Located on Ile du Port on zone 14, the Central Common Cold Store provides 12,600 tonnes of cold rental storage to clients who want to freeze their fish at either minus 20 or minus 40 degrees Celsius. It also provides grading, sorting, sizing and storage of tuna in accordance with client specific requirements.
The chairperson of the facility, Peter Sinon, explained that once a vessel berths, fish are unloaded onto the loading tables and then sorted by type and size and then weighted.
“Just by doing this we have added value to the fish,” said Sinon, adding that the opening of the facility not only adds to the fishing industry but also creates job opportunities for Seychellois.
“The main challenge we have now is to get people who are skilled in specific areas. We are giving the priority to Seychellois, and so far, we have received more than 115 applications that we have to interview and vet their skills. There will, however, be the need for expatriates to do certain jobs,” he added.
At the moment the facility employs about 25 staff and there are opportunities for forklift drivers, engineers, technicians, fish sorters, and administration officers among others.
The director-general of the facility, Arthur de Bretagne, said that “all in all, when things are in full swing, we will need over 100 staff. We are encouraging hardworking and motivated Seychellois to join our team.”
Although it opened officially on Tuesday, the facility started operations on Monday, where the first 70 tonnes of fish were placed into the cold storage.
The facility, which took about five years to be completed and cost $37 million, was made possible by both local and foreign investors. (Salifa Karapetyan, Seychelles News Agency) Photo License: CC-BY
“Full operation is going to start by the end of this week, however, the full-scale operation will be in January when the purse seiners return as at the moment most have reached their quota,” said de Bretagne.
The facility, which took about five years to be completed and cost $37 million, was made possible by both local and foreign investors. Among shareholders are the government of Seychelles, the Seychelles Pension Fund, United Concrete Products Seychelles (UCPS), Ile Du Port Handling Services (IPHS) and SAPMER with 10 percent shares each.
The Indian Ocean Tuna (IOT) company holds a six percent share, while all Seychellois individuals together hold 11.5 percent share. The largest shareholder is Luxemburg-based JACCAR Holdings with a 26 percent share.
In his address, Seychelles’ fisheries minister, Jean-Francois Ferrari, outlined that “we are on a journey to restore Seychelles as the tuna hub of the Indian Ocean, and today is an important milestone in this journey.”
He said that for many years “we have watched as our country’s tuna industry developed and expanded, mainly on the seas. Very little, apart from the canning factory, was being constructed on land.
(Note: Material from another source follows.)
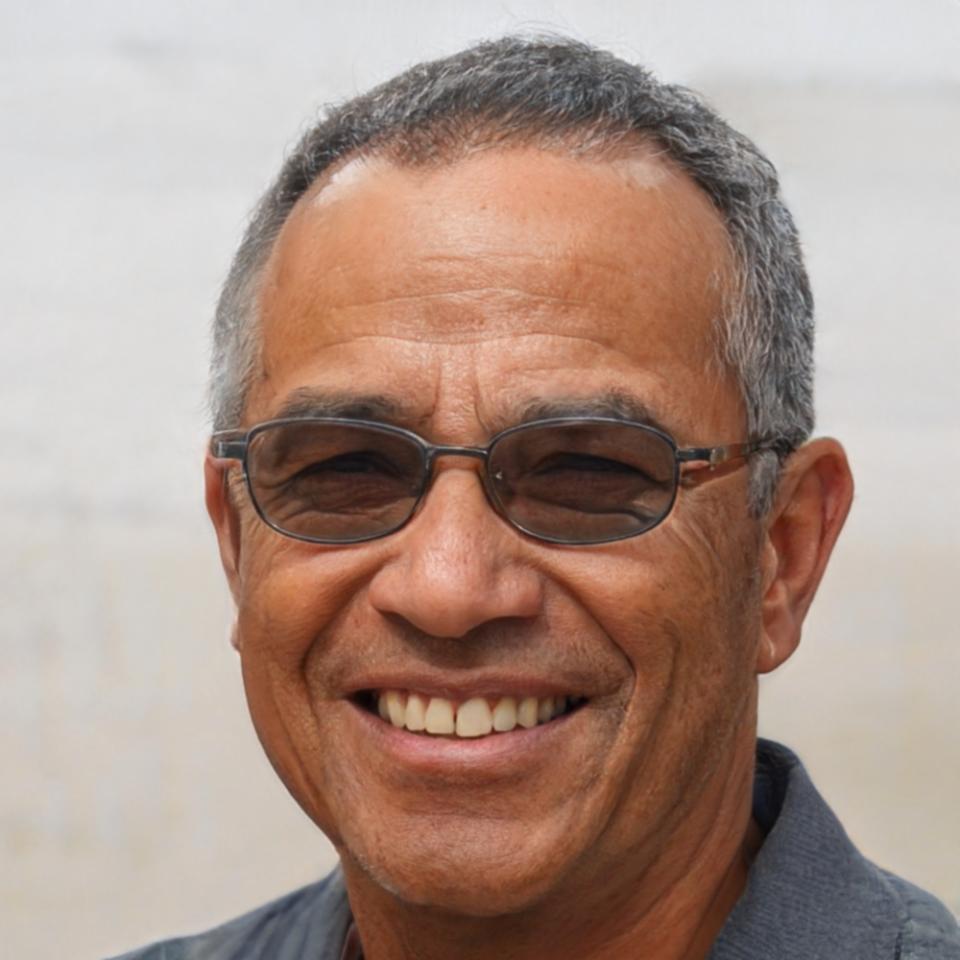 Portrait de Thibault Mercier, client de seriqiviae depuis 2023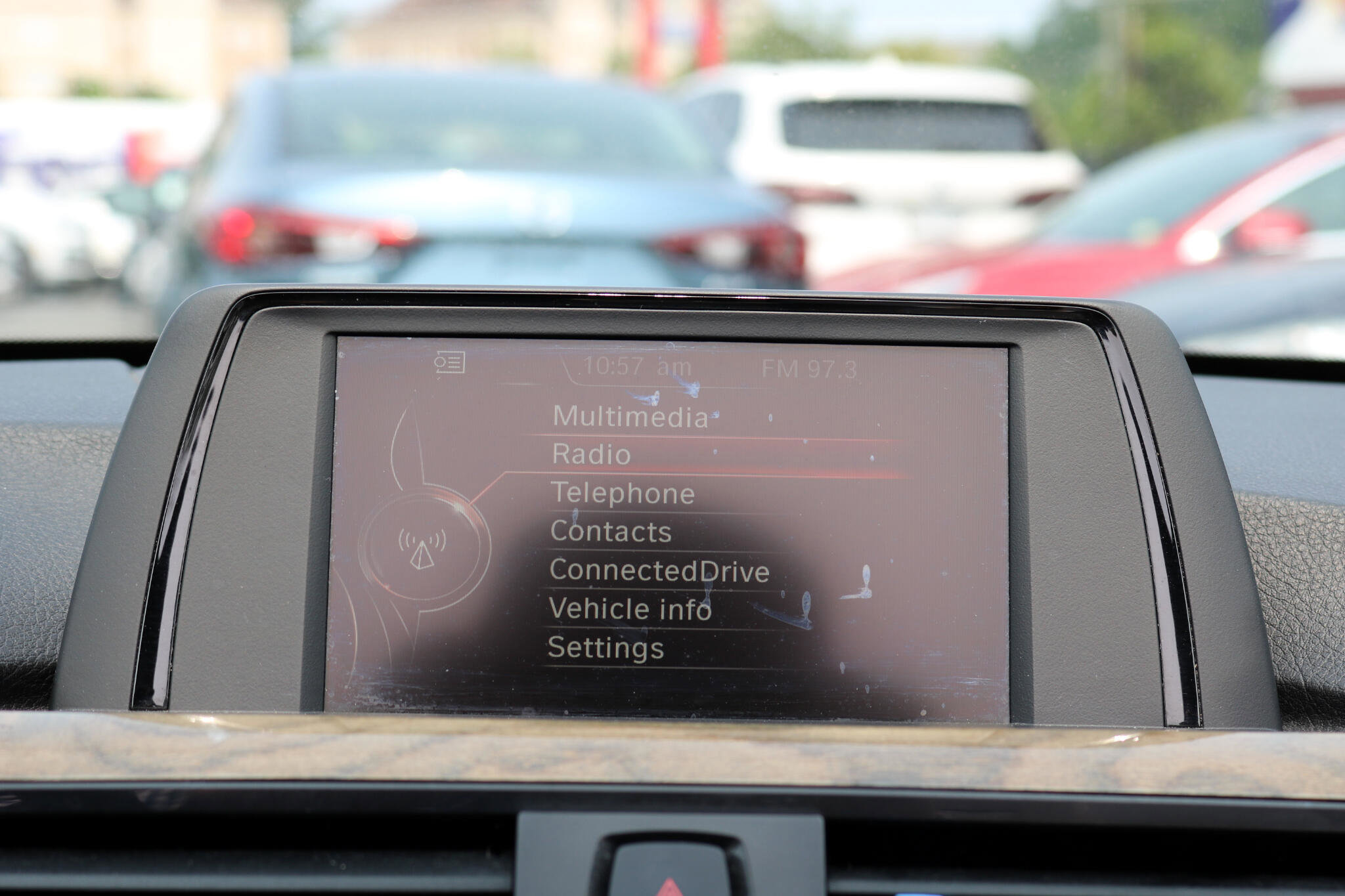 Used 2016 BMW 428i Convertible image 25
The fishing vessels came in, unloaded the fish into reefer vessels or more recently into containers, some were transferred to the canning factory and the rest were shipped away to more distant shores where most of the transformation and value addition is done.”
Ferrari said these were the days of missed opportunities for a developing nation looking to open doors for its workforce and chasing extra revenue for the country.
Fisheries is the second top economic contributor to the island nation in the western Indian Ocean.